DATA TO USE:
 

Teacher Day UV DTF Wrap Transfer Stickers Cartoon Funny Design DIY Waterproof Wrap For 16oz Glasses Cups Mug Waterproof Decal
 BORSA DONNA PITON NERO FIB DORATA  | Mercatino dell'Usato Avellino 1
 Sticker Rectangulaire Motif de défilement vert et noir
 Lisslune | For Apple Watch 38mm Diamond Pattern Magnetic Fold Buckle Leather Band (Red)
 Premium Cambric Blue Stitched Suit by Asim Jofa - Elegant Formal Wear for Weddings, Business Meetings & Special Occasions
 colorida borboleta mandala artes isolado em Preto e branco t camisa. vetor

==

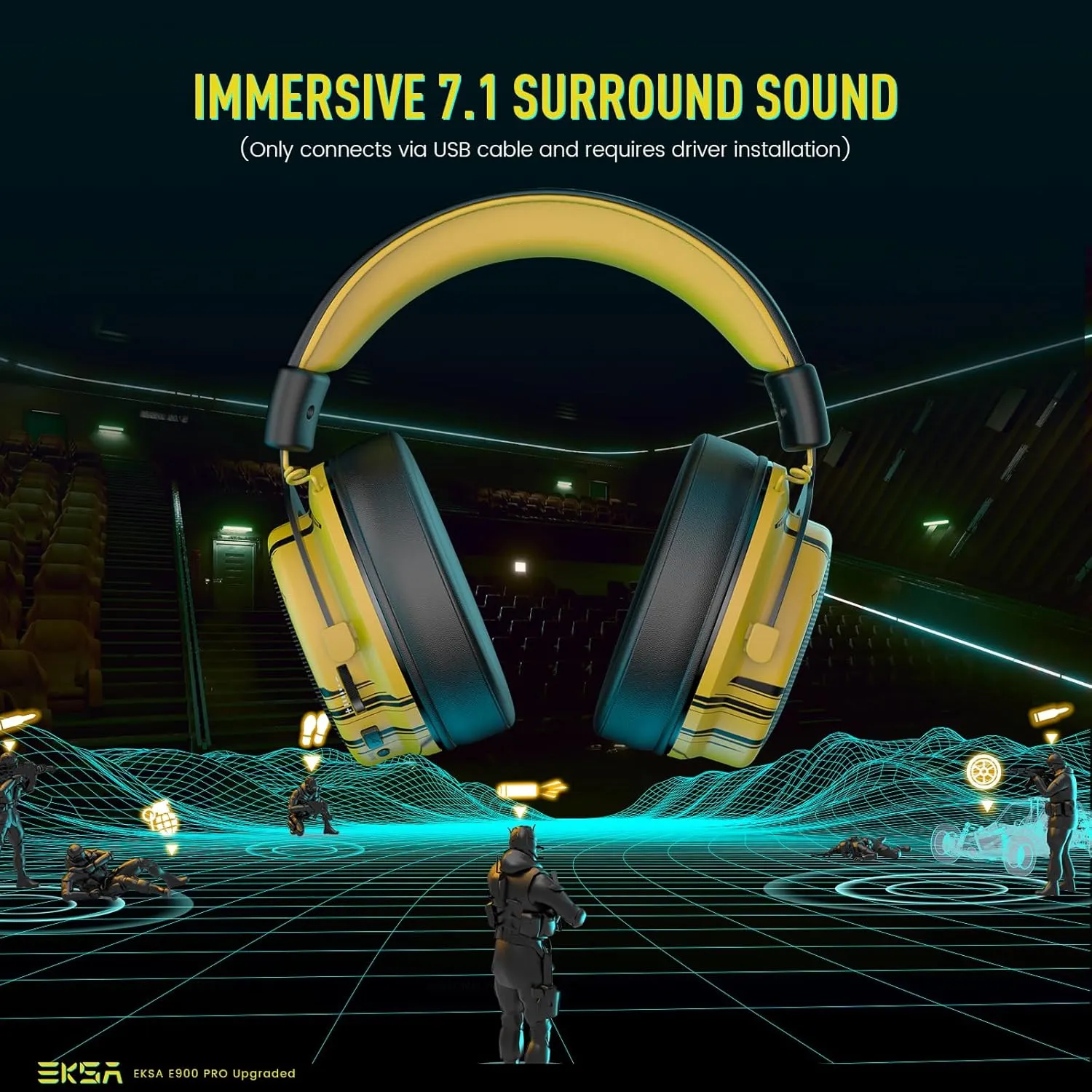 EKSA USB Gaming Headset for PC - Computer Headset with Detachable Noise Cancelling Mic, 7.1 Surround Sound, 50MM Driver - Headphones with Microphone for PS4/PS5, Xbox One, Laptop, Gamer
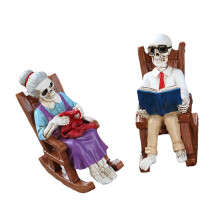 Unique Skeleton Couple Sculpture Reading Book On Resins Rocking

TASK INSTRUCTIONS: Look above for the line containing "Premium Cambric Blue" and the line containing "colorida borboleta mandala". Transcribe both, with the lines between them, exactly.

RESULT:
 Premium Cambric Blue Stitched Suit by Asim Jofa - Elegant Formal Wear for Weddings, Business Meetings & Special Occasions
 colorida borboleta mandala artes isolado em Preto e branco t camisa. vetor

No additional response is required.